English cricket chiefs are to introduce an independent regulator in response to a damning report that found racism and other forms of discrimination were entrenched in the game.
The regulator, to be in place for next season, will be ring-fenced from the rest of the England and Wales Cricket Board and be responsible for investigating and punishing rule breaches.
It comes three months after the Independent Commission for Equity in Cricket (ICEC) issued a scathing assessment in its report, prompted in part by the racism scandal at Yorkshire.
Other measures to be adopted by the ECB include enhancing its equality, diversity and inclusion (EDI) standards and banning counties who fall short from hosting Test and other internationals.
The governing body has also pledged to invest £25m more than forecasted revenues to grow women’s cricket, including equalising match fees for men’s and women’s England players.
“There is no doubt that the ICEC highlighted to great effect the impact of discrimination on individuals and the extent of the systemic challenges to be addressed,” said ECB chair Richard Thompson.
“Its in-depth analysis also presented an opportunity to put in place a comprehensive plan of action that will deliver meaningful change and rebuild trust among the communities we serve.
“This response represents a set of actions that will accelerate and intensify our work to make cricket a game for everyone, actions that cricket can deliver and fund within an achievable timeframe.

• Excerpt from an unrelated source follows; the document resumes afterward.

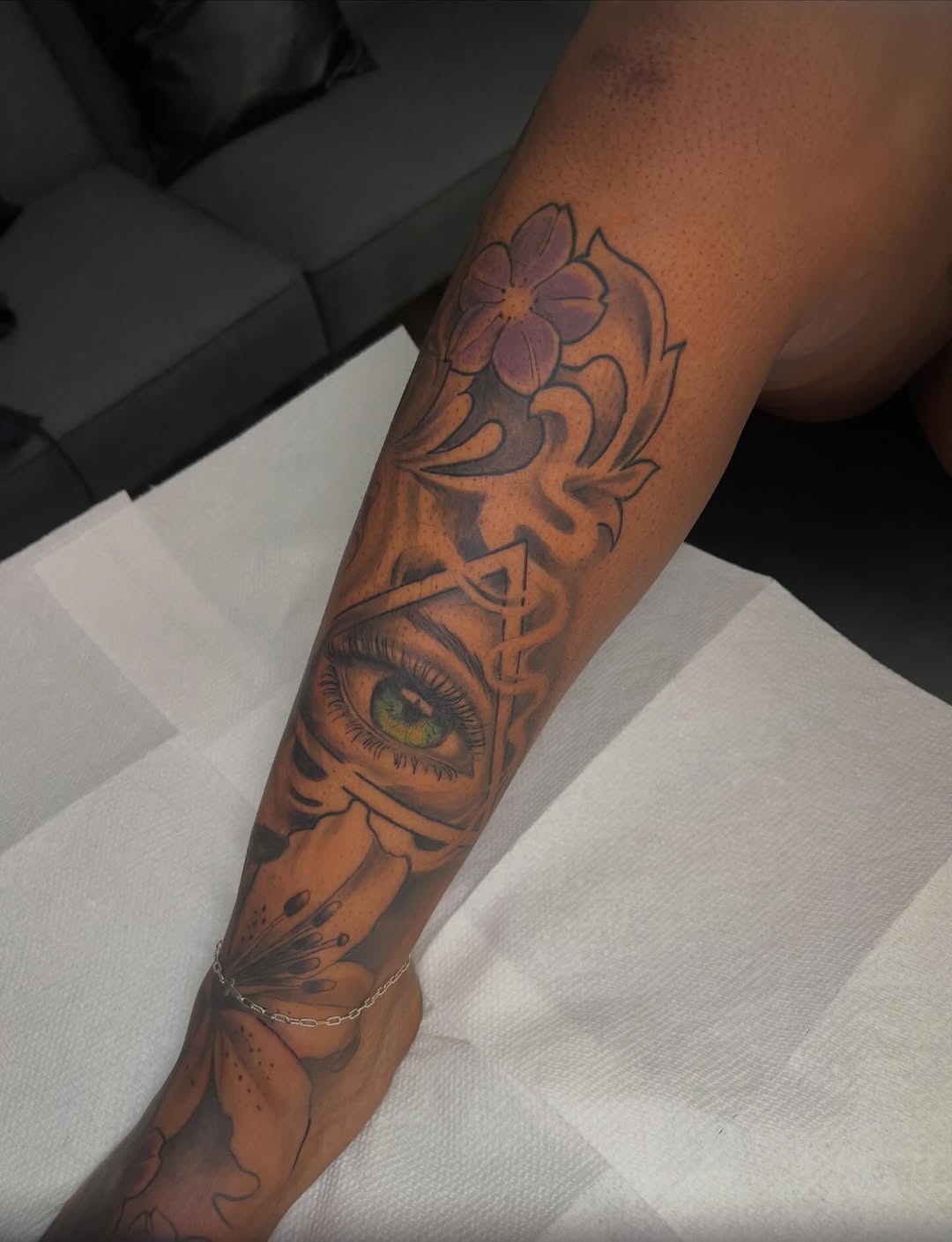 Tattoo by @justx4rt โ black_and_grey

It builds on a huge amount of work which is already under way right across the network.
“Cricket hasn’t got it right in the past, but this is an opportunity to move forwards together.”
It comes as the government presses ahead with plans to implement an independent regulator in English football which will be completely separate to the Football Association.

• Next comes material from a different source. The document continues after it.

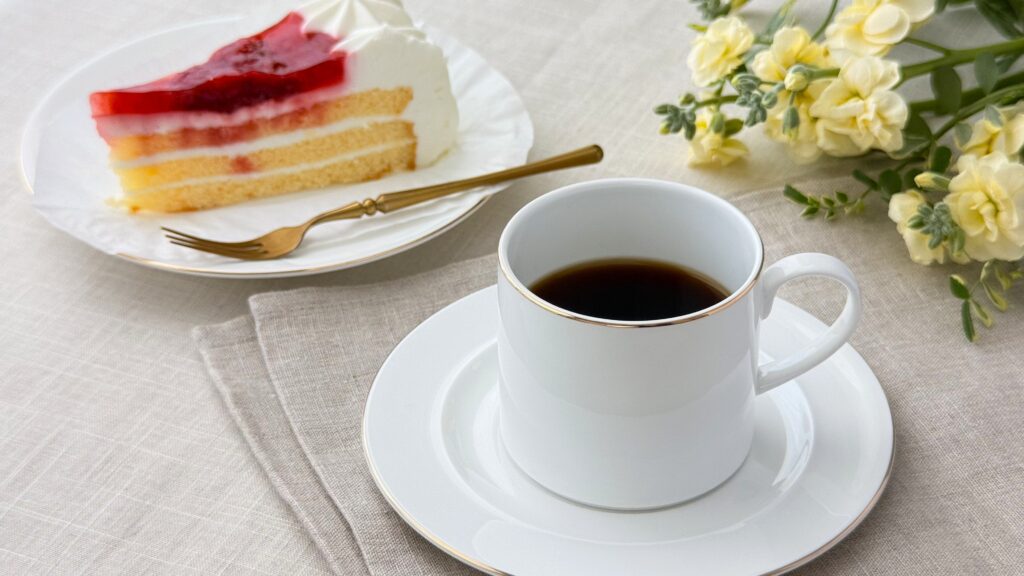 UCC_粗挽きで淹れたコーヒーと「イチゴのケーキ」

The chair of the ICEC, Cindy Butts, concluded in the report, which followed a two-year inquiry: “Our findings are unequivocal. Racism, class-based discrimination, elitism and sexism are widespread and deep rooted.”
The ECB’s response is an 11-point plan that it said was “taking forward most of the ICEC’s recommendations”.
As well as forming an independent regulator, enforcing higher EDI standards and boosting investment in the women’s and girls’ game, it will redesign its talent pathway to attract more players from state schools and black and Asian backgrounds, improve the transparency of the complaints process, and add victimisation to the list of offences in the anti-discrimination code.